**Action item:** With the first line below as the start and the line containing "women’s prostate cancer" as the end, copy every line between them exactly, ends included.

**Provided material:**
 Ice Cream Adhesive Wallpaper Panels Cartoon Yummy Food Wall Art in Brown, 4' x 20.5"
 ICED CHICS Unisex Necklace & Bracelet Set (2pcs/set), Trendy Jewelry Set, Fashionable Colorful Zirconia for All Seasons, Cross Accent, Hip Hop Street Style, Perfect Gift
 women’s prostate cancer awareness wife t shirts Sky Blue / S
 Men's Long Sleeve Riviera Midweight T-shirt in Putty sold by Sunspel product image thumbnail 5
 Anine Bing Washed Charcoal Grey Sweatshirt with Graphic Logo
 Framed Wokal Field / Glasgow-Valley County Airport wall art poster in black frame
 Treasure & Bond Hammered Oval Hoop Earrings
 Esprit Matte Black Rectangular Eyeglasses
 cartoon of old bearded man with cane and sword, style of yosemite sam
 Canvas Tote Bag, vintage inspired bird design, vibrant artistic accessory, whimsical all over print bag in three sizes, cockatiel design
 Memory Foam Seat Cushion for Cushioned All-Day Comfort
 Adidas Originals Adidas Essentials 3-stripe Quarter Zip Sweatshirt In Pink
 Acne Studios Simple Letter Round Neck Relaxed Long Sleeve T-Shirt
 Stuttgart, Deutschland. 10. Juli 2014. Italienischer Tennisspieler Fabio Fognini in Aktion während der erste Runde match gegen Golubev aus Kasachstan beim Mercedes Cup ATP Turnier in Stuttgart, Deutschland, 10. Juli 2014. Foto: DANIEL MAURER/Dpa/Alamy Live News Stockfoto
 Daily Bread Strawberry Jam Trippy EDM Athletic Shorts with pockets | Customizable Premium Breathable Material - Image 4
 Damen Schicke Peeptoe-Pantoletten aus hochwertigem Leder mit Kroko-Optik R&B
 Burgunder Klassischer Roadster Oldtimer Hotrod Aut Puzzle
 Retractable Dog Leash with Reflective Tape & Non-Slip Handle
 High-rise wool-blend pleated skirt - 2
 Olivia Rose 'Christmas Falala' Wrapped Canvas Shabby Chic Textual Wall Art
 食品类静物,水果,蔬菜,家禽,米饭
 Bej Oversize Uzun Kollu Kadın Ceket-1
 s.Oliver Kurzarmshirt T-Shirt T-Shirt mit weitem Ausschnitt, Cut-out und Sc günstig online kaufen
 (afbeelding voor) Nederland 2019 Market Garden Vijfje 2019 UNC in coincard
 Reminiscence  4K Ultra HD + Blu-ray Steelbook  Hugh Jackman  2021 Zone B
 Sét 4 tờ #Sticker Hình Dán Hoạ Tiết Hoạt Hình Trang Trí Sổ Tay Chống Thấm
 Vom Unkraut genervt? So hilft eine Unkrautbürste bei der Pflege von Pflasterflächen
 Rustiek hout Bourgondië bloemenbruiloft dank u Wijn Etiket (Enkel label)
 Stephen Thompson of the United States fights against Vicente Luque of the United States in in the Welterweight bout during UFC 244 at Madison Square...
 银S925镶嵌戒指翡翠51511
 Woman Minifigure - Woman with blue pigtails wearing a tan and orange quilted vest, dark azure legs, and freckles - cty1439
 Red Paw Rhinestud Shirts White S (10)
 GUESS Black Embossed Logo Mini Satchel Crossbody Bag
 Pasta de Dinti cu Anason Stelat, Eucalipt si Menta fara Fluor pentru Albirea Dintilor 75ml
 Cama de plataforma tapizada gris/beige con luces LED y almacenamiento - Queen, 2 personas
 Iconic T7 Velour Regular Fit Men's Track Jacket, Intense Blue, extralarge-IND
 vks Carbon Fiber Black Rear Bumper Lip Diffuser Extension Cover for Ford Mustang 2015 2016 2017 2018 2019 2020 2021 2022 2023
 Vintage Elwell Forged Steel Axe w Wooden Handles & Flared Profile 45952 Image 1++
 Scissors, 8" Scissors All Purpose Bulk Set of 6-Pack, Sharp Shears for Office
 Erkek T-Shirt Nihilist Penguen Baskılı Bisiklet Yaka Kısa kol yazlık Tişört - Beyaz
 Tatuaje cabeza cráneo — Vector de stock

**Solution for this task:**
 Ice Cream Adhesive Wallpaper Panels Cartoon Yummy Food Wall Art in Brown, 4' x 20.5"
 ICED CHICS Unisex Necklace & Bracelet Set (2pcs/set), Trendy Jewelry Set, Fashionable Colorful Zirconia for All Seasons, Cross Accent, Hip Hop Street Style, Perfect Gift
 women’s prostate cancer awareness wife t shirts Sky Blue / S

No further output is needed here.